Jaworze is a village and the seat of Gmina Jaworze in the south-west part Bielsko County, Silesian Voivodeship, southern Poland. It lies in the historical region of Cieszyn Silesia.

The village has been known for its thermal qualities. As early as in 19th century waters rich in iodide-bromine salts. Every year many people suffering from respiratory illnesses visit. Presently there are three medical centers, which offer among other things specialist rehabilitation programs for individuals. There are also holiday-recreation facilities, bike and ski tracks in Jaworze. The tourist attractiveness of the commune is increased by numerous sport and cultural events presenting local folklore. The undeniable crown jewel of Jaworze is its heritage park, over 15 ha in size and with large number of monument trees.

== Etymology ==
The Polish name is of topographic origins and is derived from sycamore trees (Polish: jawor. German name is a composition of a personal name Ern(st) and dorf (German: a village).

== History ==
The village was first mentioned in a Latin document of Diocese of Wrocław called Liber fundationis episcopatus Vratislaviensis from around 1305 as item in Javorse. It meant that the village was in the process of location (the size of land to pay tithe from was not yet precised). The creation of the village was a part of a larger settlement campaign taking place in the late 13th century on the territory of what will be later known as Upper Silesia.

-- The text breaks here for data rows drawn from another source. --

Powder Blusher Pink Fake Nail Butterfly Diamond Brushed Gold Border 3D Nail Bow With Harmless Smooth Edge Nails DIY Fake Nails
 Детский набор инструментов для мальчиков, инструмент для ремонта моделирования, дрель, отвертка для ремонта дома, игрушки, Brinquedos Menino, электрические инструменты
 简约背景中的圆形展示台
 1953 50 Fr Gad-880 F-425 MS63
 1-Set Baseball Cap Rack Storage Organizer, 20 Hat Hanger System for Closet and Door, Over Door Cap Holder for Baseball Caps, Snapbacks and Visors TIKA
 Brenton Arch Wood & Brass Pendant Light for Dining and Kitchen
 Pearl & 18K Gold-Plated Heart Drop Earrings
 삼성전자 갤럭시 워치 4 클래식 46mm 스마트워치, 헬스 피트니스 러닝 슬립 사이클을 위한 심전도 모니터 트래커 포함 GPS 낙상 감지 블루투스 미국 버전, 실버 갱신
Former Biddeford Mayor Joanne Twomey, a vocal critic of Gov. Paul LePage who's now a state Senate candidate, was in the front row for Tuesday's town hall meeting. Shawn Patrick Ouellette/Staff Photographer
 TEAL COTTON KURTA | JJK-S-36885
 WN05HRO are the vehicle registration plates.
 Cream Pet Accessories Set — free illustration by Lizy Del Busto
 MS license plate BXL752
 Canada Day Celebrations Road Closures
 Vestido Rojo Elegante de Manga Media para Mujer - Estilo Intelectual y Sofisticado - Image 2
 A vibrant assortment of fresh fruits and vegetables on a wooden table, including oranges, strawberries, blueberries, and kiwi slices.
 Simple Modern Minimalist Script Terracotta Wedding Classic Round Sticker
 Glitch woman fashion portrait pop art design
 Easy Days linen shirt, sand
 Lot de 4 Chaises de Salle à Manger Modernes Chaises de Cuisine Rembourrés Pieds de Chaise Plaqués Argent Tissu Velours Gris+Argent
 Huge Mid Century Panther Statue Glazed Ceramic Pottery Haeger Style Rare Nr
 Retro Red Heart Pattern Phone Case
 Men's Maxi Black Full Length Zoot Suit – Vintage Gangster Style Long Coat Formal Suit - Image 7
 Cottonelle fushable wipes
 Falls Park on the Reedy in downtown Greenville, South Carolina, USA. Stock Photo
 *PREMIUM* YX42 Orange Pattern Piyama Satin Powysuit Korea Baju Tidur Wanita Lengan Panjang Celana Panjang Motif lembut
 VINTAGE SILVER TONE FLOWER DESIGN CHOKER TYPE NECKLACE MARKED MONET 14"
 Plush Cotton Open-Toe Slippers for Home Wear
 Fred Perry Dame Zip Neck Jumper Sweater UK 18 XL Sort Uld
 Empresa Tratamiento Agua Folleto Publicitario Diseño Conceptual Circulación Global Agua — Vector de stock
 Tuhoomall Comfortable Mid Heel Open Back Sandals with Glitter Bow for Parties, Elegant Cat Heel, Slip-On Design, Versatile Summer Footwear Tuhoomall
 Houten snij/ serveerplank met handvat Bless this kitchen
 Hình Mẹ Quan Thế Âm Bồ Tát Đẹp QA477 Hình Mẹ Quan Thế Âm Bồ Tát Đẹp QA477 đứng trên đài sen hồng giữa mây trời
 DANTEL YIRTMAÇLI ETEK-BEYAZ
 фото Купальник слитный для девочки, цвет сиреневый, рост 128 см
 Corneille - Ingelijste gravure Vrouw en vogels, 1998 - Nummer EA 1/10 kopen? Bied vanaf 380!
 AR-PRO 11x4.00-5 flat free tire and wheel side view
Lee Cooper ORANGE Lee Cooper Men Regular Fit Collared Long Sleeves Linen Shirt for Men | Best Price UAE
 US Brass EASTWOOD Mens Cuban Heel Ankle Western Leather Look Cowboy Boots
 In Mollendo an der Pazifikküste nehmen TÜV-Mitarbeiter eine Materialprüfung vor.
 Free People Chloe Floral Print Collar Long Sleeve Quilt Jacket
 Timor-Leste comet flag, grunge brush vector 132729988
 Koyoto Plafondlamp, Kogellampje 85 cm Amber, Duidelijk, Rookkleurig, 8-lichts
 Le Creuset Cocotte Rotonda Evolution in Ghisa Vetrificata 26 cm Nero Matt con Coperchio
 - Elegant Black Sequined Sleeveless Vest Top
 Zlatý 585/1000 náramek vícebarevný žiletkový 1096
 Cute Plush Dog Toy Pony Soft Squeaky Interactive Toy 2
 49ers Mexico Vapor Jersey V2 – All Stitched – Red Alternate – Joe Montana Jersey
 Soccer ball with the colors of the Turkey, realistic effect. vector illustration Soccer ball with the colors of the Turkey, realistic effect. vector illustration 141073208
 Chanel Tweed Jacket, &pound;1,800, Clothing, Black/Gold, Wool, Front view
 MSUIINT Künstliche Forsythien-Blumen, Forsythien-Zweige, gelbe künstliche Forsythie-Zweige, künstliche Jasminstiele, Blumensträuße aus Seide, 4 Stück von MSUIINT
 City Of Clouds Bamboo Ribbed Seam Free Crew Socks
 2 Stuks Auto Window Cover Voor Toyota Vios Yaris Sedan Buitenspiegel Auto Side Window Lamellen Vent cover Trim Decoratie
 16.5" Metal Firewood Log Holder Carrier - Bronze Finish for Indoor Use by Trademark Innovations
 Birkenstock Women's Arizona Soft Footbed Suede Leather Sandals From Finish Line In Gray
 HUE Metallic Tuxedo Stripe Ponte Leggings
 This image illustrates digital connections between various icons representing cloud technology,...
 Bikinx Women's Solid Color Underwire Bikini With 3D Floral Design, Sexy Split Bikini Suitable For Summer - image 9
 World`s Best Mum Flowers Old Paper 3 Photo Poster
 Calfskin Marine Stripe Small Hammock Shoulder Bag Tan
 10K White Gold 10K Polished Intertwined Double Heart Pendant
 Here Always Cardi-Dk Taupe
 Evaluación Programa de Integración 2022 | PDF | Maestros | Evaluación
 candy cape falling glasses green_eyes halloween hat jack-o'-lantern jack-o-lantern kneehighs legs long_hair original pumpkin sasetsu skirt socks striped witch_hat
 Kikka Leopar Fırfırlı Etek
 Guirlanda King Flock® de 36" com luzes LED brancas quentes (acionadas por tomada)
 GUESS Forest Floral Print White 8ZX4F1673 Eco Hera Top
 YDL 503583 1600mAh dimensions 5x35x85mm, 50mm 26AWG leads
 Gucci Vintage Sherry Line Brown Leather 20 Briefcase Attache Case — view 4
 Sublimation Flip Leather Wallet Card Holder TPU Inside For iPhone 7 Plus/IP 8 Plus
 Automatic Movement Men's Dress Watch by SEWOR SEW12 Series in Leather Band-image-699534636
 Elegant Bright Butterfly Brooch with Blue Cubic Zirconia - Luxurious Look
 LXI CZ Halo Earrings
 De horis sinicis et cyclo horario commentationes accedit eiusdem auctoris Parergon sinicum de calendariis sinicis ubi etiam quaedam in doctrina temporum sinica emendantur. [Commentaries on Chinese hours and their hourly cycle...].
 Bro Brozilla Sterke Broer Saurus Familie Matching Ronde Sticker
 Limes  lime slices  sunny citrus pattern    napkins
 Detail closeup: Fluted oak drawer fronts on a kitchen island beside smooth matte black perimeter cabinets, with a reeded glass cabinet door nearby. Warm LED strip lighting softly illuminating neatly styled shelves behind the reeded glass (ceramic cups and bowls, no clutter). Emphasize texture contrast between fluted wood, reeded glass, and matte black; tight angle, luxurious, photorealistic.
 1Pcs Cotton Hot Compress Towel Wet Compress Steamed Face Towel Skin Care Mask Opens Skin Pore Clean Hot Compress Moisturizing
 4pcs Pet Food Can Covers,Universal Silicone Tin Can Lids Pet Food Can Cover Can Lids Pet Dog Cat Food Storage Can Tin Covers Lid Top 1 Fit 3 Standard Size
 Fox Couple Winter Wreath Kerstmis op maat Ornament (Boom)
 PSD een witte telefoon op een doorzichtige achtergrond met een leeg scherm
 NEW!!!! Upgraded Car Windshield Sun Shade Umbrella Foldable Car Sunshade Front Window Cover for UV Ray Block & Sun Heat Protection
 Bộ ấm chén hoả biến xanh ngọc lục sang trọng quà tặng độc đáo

Politically the village belonged initially to the Duchy of Teschen, formed in 1290 in the process of feudal fragmentation of Poland and was ruled by a local branch of Piast dynasty. In 1327 the duchy became a fee of Kingdom of Bohemia, which after 1526 became part of the Habsburg monarchy.

The village probably became a seat of a Catholic parish prior to the 16th century. After the 1540s Protestant Reformation prevailed in the Duchy of Teschen and a local Catholic church was taken over by Lutherans. It was taken from them (as one from around fifty buildings in the region) by a special commission and given back to the Roman Catholic Church on 16 April 1654. In spite of being bereft of place of worship many of the local inhabitants remained to be Lutherans. After issuing the Patent of Toleration in 1781 they subsequently organized a local Lutheran parish as one of over ten in the region.

As a private village it had many noble owners. The most important for its development were two related aristocratic families of the Barons Laszowski, Nałęcz coat of arms (two generations), and the Counts Saint-Genois d’Anneaucourt (four generations), who were in possession of Jaworze for the period of 154 years. Many antique souvenirs of theirs have remained to the present day. Their remains rest in the local Catholic graveyard. In 1862, Maurycy Count Saint-Genois founded in Jaworze the first in the Cieszyn Silesia health resort. It has been very popular for many years, especially among Poles from Galicia for whom the freedom of speaking Polish language in the area was invaluable. However, it was due to the support and help of the Larisch family that Dr Zygmunt Czop founded hydropathic establishment after the World War I. Rooms in the castle which has been visited by many celebrities of political and cultural circles of the interwar Poland were made available to the Starost of Bielsko by the Count himself. It was an important fact in the history of Jaworze. Many well-known figures were visitors to the hydropathic establishment in Jaworze. Advanced works related to restoring the status of a health resort to Jaworze were wrecked by the outbreak of the World War II.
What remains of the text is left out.